Luckily, the Durham sun, when it does appear, is as kind and warm as the people I’ve met beneath it. So when I walked for the Induction Programme for International Researchers the following day, there was more than one reason to feel cheery inside, with the mindscape and the landscape in a lovely harmony through the whistling trees. The wonderful presentations and welcome lectures re-instilled the honour of studying at Durham and the lovely sandwiches for lunch didn’t harm the feel-goodness either. But the highpoint of the day most definitely was the book sale off Collingwood College Library at the porch before the Science Site, where I managed to get a copy of Great Expectations in an attractive wooden cover for a mere 70 pence; good enough to make one guilty. It reminded me of my city’s second hand bookstores with their warm mushy smell of old books, in College Street, by my alma mater, the University of Calcutta. A similar feeling greeted me when I walked into the bookstore in Durham Indoor Market which housed a remarkable collection of bestsellers and classics alike. The Market itself is a beautiful space, a feast for the senses with the smell of freshly baked cakes spreading across the sight of a rack of Wordsworth Classics beside it. And like the Hogg’s Market in Kolkata and the Spice Market in Istanbul, this space too does not quite have the cut and dried look of a purely commercial zone where the big brands make themselves spectacularly ubiquitous. Instead one finds the warmth of a simplicity coupled with a charm that the slippery supermarket floors rarely contain.

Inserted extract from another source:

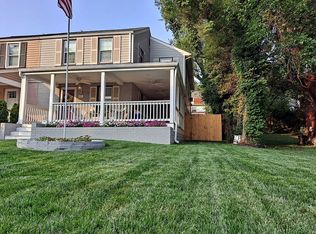 5927 Edgehill Dr, Alexandria, VA 22303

One of my chief interests in Durham, one that I looked forward to in all earnestness, was the poetry culture around the university. So when I got a response from the Poetry Society stating I had a slot to read two of my poems at Fishtank, I was a perfect mixture of excitement and nervousness. And at the end of it, there was this lovely feeling that pruned all earlier misgivings, with me having read two of my poems and listened to some excellent poetry from poets of very disparate interests. That was just the initiation of course, and the Poetry Society with its very warm members and drawing room discussions fast became a point of interest that has grown bigger ever since. The seminars around the university too, are an excellent way to know the goings-on in the academic culture as well as making new friends. The Ustinov Seminars, with their mixture of informal warmth and excellent presentations have been the perfect recipes to kick-off the weekends with a stroll down from my St. Aidan’s abode. Purple Radio, with its engaging topics of interest and lovely hosts, tells one what’s going around Durham, its university and its people. To me, all these have become parts of an excellent dialogue I see myself engaging with more and more with time. The spaces, the people, the cultural idioms, all coalesce to form this beautiful bubble that promises never to break.
Admittedly, my PhD study itself has taken a bit of a backseat with so many legitimate reasons not to stay indoors. A rude wake-up call is close at hand, I’m sure. But with so much to do and engage in, I don’t mind waiting up for its shrill sirens when they do come. Till then, let me leaf through the lovely list of indulgences my new home offers me. It carries a beautiful intimacy that has never ceased to be enriching.